Kapaa was a distant blur of streetlights and homes. At this hour, the main street was deserted. Chazz had turned toward the condominium complex when Cobb Takamura, who appeared to be asleep with his porkpie hat over his eyes said quietly, “Keep going. Turn right at the end of the street and
head back to the highway.”
“All right.” A flare of alarm rose in Chazz, but he said nothing and kept driving. They passed a parked car. Patria’s vehicle was in front of the condo. Everything was dark.
“You’d think they’d stay up for us. Weren’t you planning to go home tonight?”
Cobb had not moved, but Chazz sensed his tension, his state of alertness. They turned right and coasted a block before turning right again. Headlights appeared in his rearview mirror as they made the second turn.
“Okay, I get the picture. What do we do?” Chazz’s hands rested lightly on the wheel. “This is not exactly a hot getaway car.”
“Pull over, up there.” Cobb nodded toward the side of the cafe. As they rolled to a stop, a bank of the lights inside went off, leaving half the cafe in darkness. There were still two or three people inside. “Kimura lives upstairs,” Cobb said. “They might think we went in, but the place will be locked up. It’ll delay them for a minute. How fast can you move?”
“My leg and side are all right now. I can move.”
“Shall we?” Cobb clicked his door open and slid to the pavement. Chazz was on the ground and in front of the car when the headlights appeared at the far end. Then they were walking quickly along the sidewalk in front of the café.
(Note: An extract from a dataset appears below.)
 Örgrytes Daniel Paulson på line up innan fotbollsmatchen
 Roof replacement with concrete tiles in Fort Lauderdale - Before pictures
There was a small alley between the cafe and the next set of shops, a two-story wooden building with an old-fashioned facade and a row of stores on the bottom floor. Upstairs was a large loft that had once been home to a dance studio, and now was a warehouse for the retail tenants. They slipped behind a Dumpster in the alley and waited.
The car cruised slowly past, the two men inside looking intently at the cafe. It pulled to the curb and idled for a moment, but the men in the car decided Chazz and Cobb weren’t inside, and a minute later the car cruised slowly past the mouth of the alley.
“I guess it didn’t fool them. Familiar?” Takamura hissed.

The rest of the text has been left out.